[Records for the task]
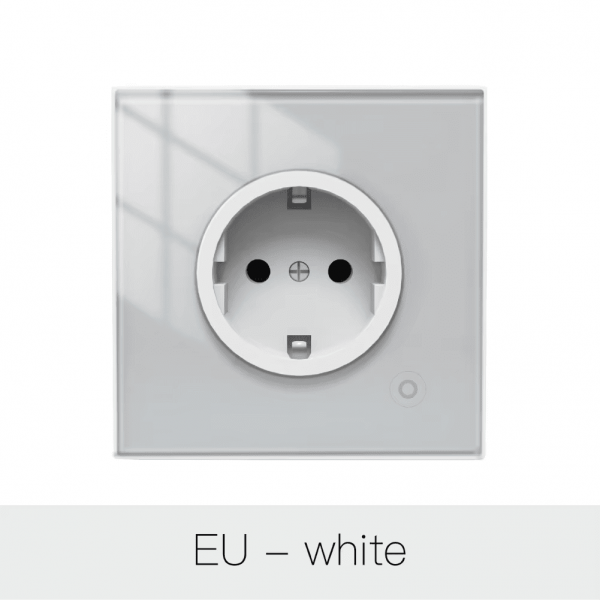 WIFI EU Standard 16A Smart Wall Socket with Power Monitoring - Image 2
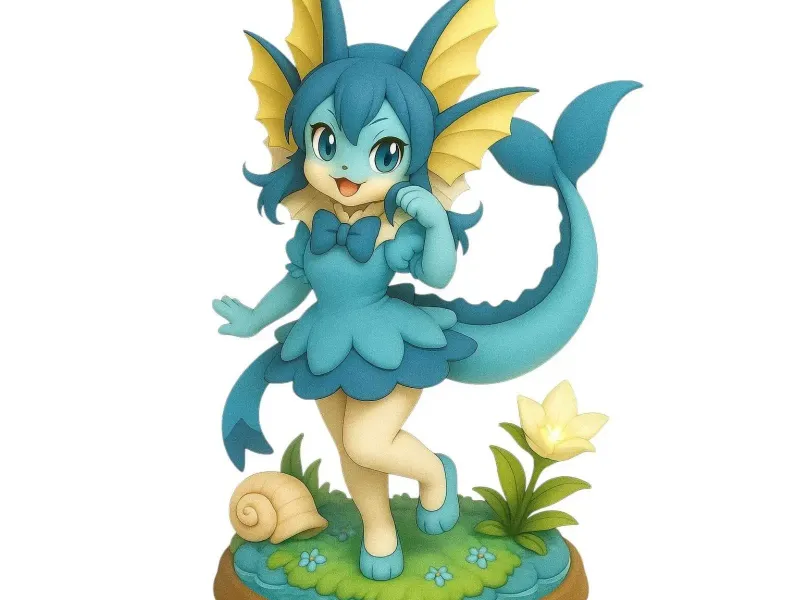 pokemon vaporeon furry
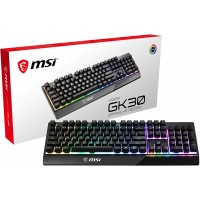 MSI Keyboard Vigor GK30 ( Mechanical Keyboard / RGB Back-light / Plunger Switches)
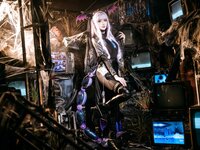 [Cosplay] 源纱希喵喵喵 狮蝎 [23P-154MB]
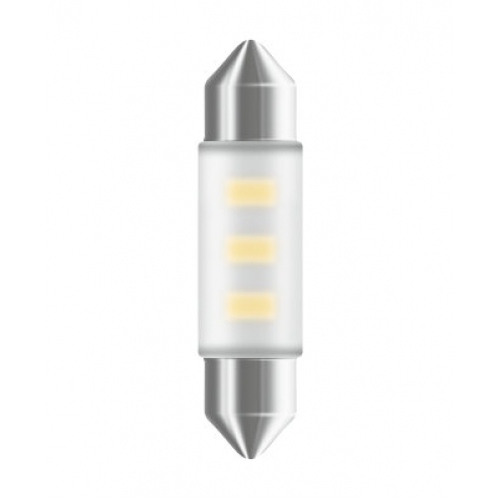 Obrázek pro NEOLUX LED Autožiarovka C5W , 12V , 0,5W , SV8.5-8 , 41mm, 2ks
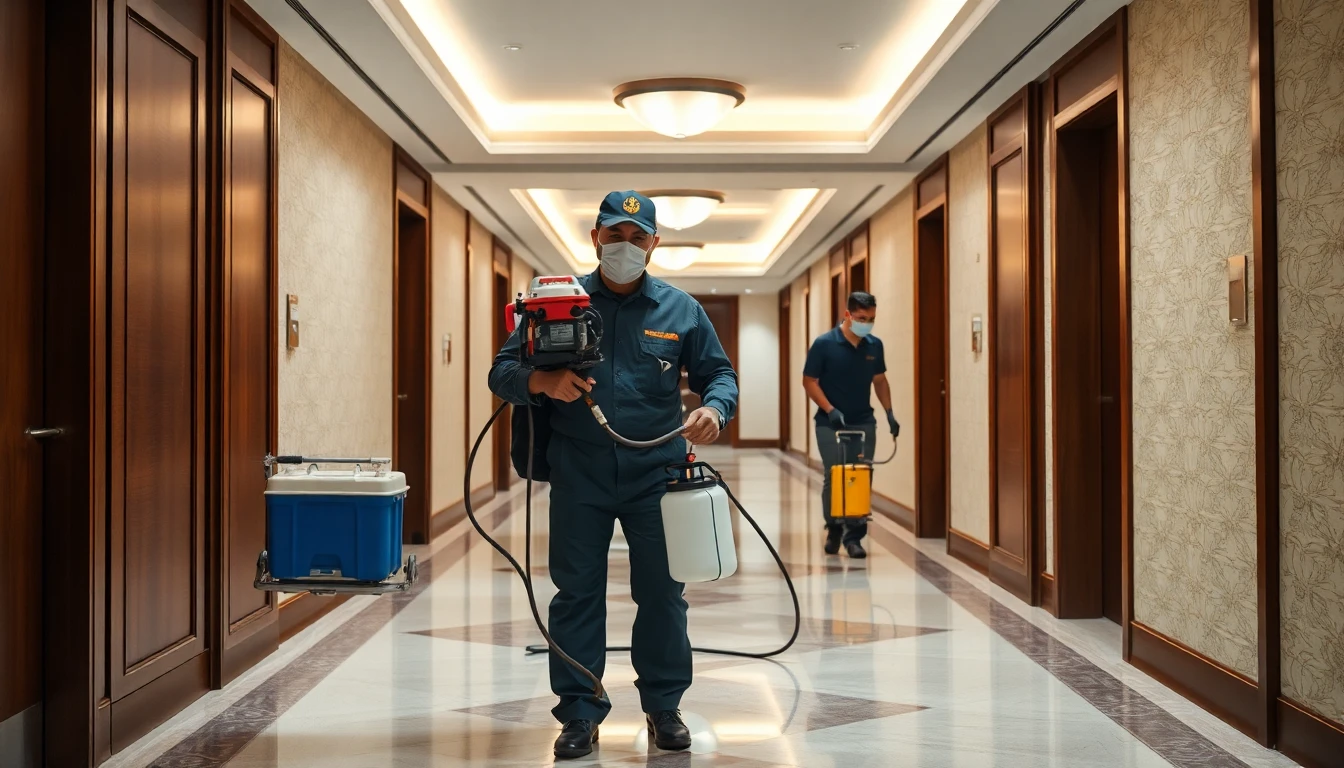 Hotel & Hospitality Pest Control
[/Records for the task]
> [About this task]
Your answer should reproduce every line of the data verbatim and include no images.

> [Finished exercise]
 WIFI EU Standard 16A Smart Wall Socket with Power Monitoring - Image 2
 pokemon vaporeon furry
 MSI Keyboard Vigor GK30 ( Mechanical Keyboard / RGB Back-light / Plunger Switches)
 [Cosplay] 源纱希喵喵喵 狮蝎 [23P-154MB]
 Obrázek pro NEOLUX LED Autožiarovka C5W , 12V , 0,5W , SV8.5-8 , 41mm, 2ks
 Hotel & Hospitality Pest Control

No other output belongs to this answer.